La Pedagogía Andariega alimenta estas necesidades: se invita a elegir rutas, a explorar con libertad, a aprender en compañía y a construir juntos. Se despierta la curiosidad y se alienta la motivación desde el asombro y el contacto con lo que preocupa a nuestros padres y vecinos.

Además, el estímulo se adapta a la pluralidad de formas de aprender: hay espacio para lo corporal, lo lógico, lo musical, lo naturalista, lo interpersonal y lo profesional… La estimulación es rica, variada y afectiva porque la vida —y la infancia— también lo son.

Premiar al “mejor” ha sido una fórmula dominante en la escuela tradicional. Pero esta lógica meritocrática ha demostrado generar frustración, desigualdad y desafección. Solo uno gana; muchos quedan silenciados.

La Pedagogía Andariega propone una lógica inversa: el reconocimiento no como podio, sino como círculo. Se reconocen los talentos diversos, los procesos invisibles, los logros colectivos. No hay galardones individuales, sino relatos compartidos, exposición de resultados, celebraciones comunes. No se premia al más rápido, sino que se celebra lo andado.

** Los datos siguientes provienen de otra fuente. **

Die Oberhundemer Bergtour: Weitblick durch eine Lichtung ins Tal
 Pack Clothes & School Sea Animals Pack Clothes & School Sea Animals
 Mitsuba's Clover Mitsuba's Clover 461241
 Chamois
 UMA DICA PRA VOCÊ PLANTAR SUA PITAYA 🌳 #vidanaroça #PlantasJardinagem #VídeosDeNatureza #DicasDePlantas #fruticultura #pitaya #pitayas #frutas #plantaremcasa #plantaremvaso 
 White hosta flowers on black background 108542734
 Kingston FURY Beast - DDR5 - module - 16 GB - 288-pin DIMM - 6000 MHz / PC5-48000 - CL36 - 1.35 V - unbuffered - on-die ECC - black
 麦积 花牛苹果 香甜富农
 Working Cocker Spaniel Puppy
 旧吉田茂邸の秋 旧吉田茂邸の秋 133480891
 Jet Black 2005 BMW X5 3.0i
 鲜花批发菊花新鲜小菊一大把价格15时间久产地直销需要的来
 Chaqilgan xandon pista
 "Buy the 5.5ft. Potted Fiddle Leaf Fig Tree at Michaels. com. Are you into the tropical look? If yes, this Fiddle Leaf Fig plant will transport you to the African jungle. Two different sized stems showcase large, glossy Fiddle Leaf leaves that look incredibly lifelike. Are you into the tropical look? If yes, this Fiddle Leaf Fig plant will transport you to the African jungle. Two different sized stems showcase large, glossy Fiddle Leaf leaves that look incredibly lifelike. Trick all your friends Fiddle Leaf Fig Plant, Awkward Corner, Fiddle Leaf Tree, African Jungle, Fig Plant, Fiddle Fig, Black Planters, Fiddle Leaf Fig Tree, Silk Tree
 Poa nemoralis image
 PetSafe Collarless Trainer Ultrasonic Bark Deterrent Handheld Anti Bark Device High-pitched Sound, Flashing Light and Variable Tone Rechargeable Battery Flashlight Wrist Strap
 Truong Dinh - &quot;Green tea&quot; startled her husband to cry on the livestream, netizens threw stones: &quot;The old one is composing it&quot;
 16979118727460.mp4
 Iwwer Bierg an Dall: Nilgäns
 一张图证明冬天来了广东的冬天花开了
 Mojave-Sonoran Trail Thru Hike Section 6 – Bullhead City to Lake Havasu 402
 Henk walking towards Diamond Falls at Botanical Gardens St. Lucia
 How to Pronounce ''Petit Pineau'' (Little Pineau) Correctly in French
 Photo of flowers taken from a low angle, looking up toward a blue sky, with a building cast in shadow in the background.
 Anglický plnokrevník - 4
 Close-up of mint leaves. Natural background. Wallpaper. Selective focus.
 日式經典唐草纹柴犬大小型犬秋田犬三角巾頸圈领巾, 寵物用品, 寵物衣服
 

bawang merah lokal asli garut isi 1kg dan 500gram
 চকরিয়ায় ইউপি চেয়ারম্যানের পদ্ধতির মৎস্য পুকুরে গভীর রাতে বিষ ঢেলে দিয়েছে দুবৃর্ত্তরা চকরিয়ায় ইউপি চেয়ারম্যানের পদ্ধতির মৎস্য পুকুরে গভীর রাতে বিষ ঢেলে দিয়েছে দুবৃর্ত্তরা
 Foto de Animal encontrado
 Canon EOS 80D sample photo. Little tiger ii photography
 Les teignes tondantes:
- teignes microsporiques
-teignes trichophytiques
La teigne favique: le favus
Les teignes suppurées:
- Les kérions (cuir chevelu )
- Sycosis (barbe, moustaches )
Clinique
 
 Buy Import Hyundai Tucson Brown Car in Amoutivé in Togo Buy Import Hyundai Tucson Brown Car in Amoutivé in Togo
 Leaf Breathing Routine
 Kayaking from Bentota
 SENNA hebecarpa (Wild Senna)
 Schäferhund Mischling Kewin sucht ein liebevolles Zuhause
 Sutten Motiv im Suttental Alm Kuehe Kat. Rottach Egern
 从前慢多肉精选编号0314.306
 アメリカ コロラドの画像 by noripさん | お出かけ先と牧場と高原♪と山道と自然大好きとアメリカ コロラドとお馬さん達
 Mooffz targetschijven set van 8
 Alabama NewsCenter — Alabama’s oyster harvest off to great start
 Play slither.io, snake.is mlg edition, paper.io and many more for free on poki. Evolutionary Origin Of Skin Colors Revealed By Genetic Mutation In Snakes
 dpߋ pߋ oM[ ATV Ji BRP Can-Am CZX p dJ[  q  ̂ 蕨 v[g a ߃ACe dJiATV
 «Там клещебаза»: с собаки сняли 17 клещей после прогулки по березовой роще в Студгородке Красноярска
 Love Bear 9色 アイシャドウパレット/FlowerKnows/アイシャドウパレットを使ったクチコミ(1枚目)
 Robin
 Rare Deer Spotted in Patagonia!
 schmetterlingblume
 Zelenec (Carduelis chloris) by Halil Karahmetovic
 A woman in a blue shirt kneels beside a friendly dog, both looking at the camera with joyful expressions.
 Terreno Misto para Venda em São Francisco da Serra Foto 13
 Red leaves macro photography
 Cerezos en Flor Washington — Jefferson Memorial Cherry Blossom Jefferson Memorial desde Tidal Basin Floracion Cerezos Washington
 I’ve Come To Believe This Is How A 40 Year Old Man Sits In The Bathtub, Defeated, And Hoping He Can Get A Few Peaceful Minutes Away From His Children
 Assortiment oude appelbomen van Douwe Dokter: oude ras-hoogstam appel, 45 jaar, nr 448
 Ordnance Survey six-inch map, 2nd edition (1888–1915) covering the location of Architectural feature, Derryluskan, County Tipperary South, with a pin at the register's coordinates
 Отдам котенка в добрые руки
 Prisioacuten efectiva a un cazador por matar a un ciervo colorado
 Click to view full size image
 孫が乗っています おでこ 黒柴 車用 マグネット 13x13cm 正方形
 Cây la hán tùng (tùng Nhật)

Este enfoque se vincula con las pedagogías del reconocimiento y la ética del cuidado. Aprender no es destacar, sino sentirse parte. Y el docente deja de ser juez para convertirse en testigo y acompañante de procesos vitales.

En otros artículos ya hemos demostrado que el cuerpo es central en la construcción del conocimiento. Aprendemos con el movimiento, con los sentidos, con la relación con los objetos y los espacios. Y es que, la Pedagogía Andariega convierte el andar en una herramienta pedagógica. El cuerpo que camina es cuerpo que observa, que se orienta, que pregunta, que juega. El territorio se vuelve mapa vivo, laboratorio afectivo, espejo cultural. Así, se construye un saber afectivo y comprometido con los medios natural y social.

En suma, la Pedagogía Andariega no descarta el esfuerzo, el estímulo ni el reconocimiento. Lo que hace es despojarlos de la lógica del rendimiento y del premio, y reconfigurarlos desde la vida, el cuidado, la experiencia y la comunidad.

Porque educar no es formar vencedores, sino formar caminantes. No es premiar a quien llega antes, sino dar sentido al hecho de caminar juntos. Entrar en los talleres, las fábricas, las oficinas o los comercios es lo bueno que tiene este trajinar por calles y paisajes: que favorecen el diálogo con nuestros padres, vecinos y responsables políticos, a partir de una premisa: el esfuerzo por mejorar las condiciones de vida de la gente y los valores más humanitarios y estéticos.

Y en ese andar compartido, todos —niños, docentes, comunidades— crecemos y aprendemos reconociéndonos como parte de algo más grande: una educación que respeta los ritmos, que cultiva la esperanza y que reconoce el saber que nace de vivir el mundo con todos los sentidos despiertos.